_Problem statement_: Could you retype exactly the line containing "2 x SIM Card" and every line after it in the data below, leaving out the pictures?

[Opening Records to use section]

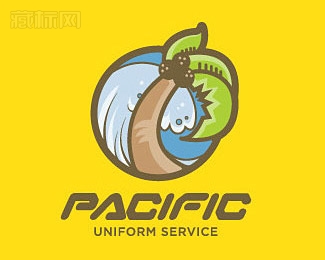 Pacific Uniform Service服务标志设计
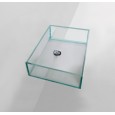 GSG GLASS WASCHBECKEN in Glas cm 80. Antiscale-Behandlung für Glas enthalten 80x35,5 GLLA80 GSG  - 1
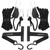 Kayak Tie Down Straps Kit – Bow & Stern Loops, Heavy Duty Ratchet Straps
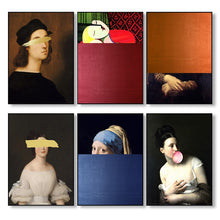 Load image into Gallery viewer, World Famous Painting Wall Art Fantasy Canvas Posters and Prints Figure Creative Wall Picture for Living Room Decoration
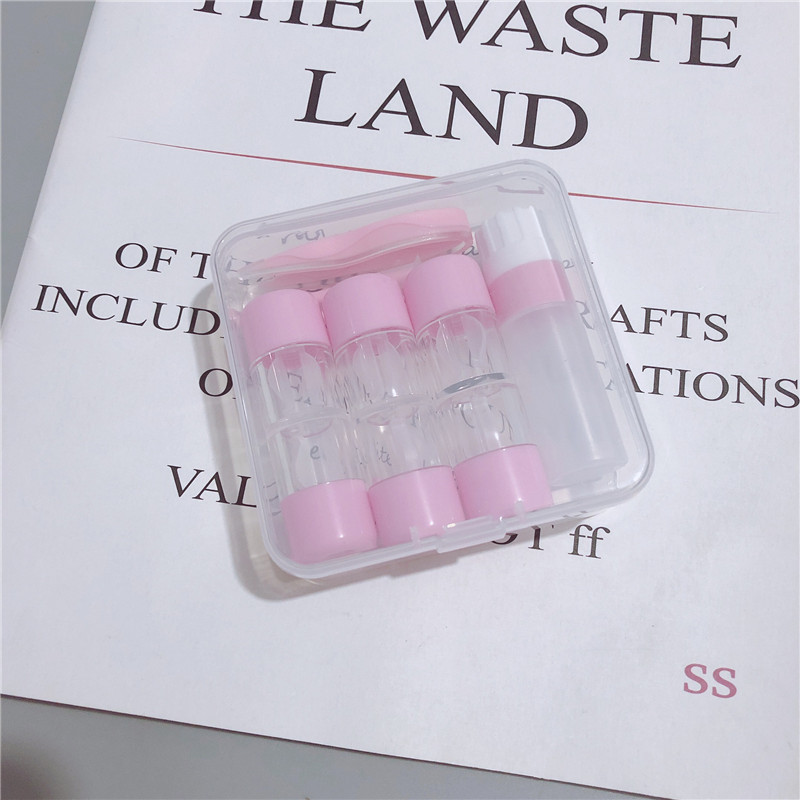 4 PC RGP kétvégű, többcsomagos kontaktlencse tok Egyszínű szépség lencse tok kontaktlencse tároló doboz ajándékba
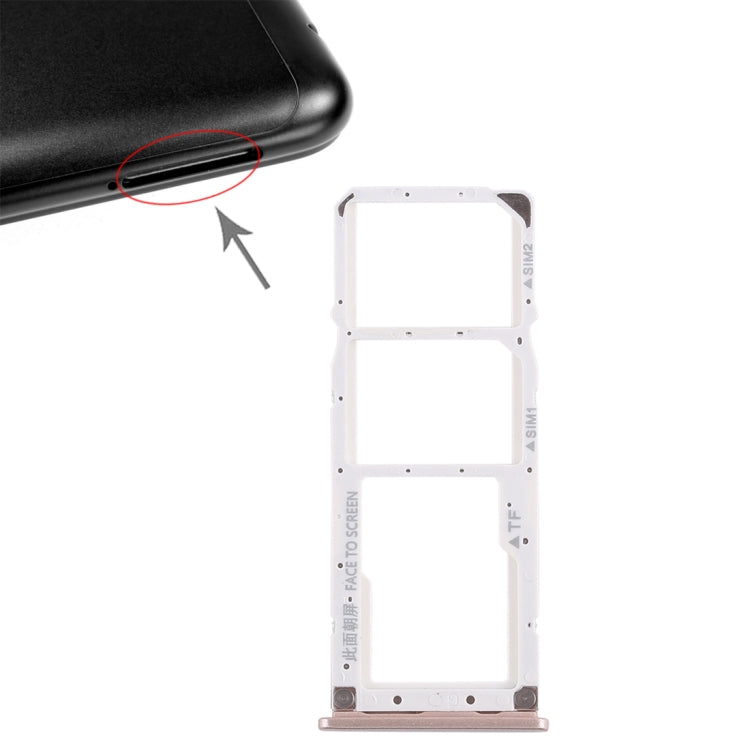 2 x SIM Card Tray + Micro SD Card Tray for Xiaomi Redmi 6 Pro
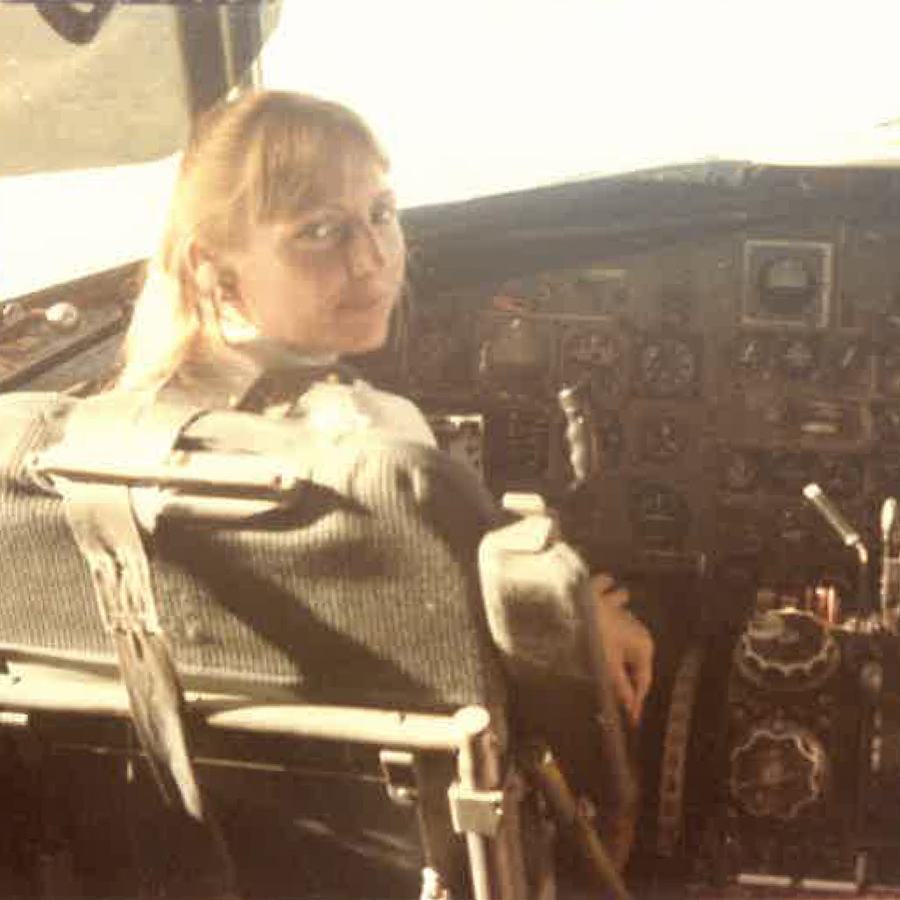 Virgina Gallenberger at controls 2 VG2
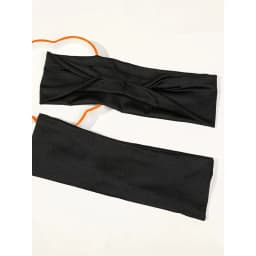 NEW 2026 4Pcs Black Twist Knotted HeadBands Boho Stretchy Hair Band Non Slip for Girl Turban Plain Headwrap Yoga Workout Hair Ac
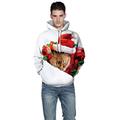 Christmas Digital Printing Couple Fashion Long Sleeve Top Hooded Sweater Mens Sweatshirt Hoodie Sweater Sale Windproof Outerwear Clothing for Daily Outdoor Wear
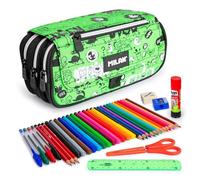 Estuche Triple ColePack Milan Tandem con Material Escolar Incluido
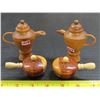 Image 1 : 2 pairs of wooden kitchenware salt and pepper shakers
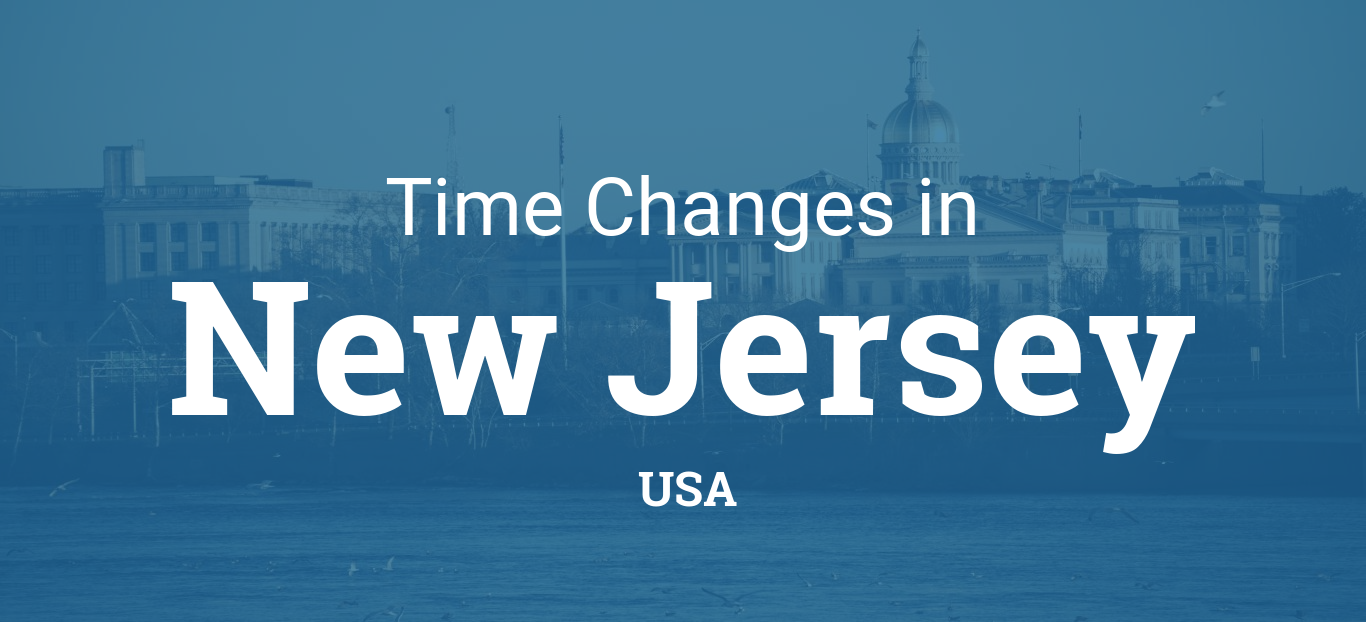 Daylight Saving Time 2023 in New Jersey, United States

[Closing Records to use section]

_Answer space_:
 2 x SIM Card Tray + Micro SD Card Tray for Xiaomi Redmi 6 Pro
 Virgina Gallenberger at controls 2 VG2
 NEW 2026 4Pcs Black Twist Knotted HeadBands Boho Stretchy Hair Band Non Slip for Girl Turban Plain Headwrap Yoga Workout Hair Ac
 Christmas Digital Printing Couple Fashion Long Sleeve Top Hooded Sweater Mens Sweatshirt Hoodie Sweater Sale Windproof Outerwear Clothing for Daily Outdoor Wear
 Estuche Triple ColePack Milan Tandem con Material Escolar Incluido
 Image 1 : 2 pairs of wooden kitchenware salt and pepper shakers
 Daylight Saving Time 2023 in New Jersey, United States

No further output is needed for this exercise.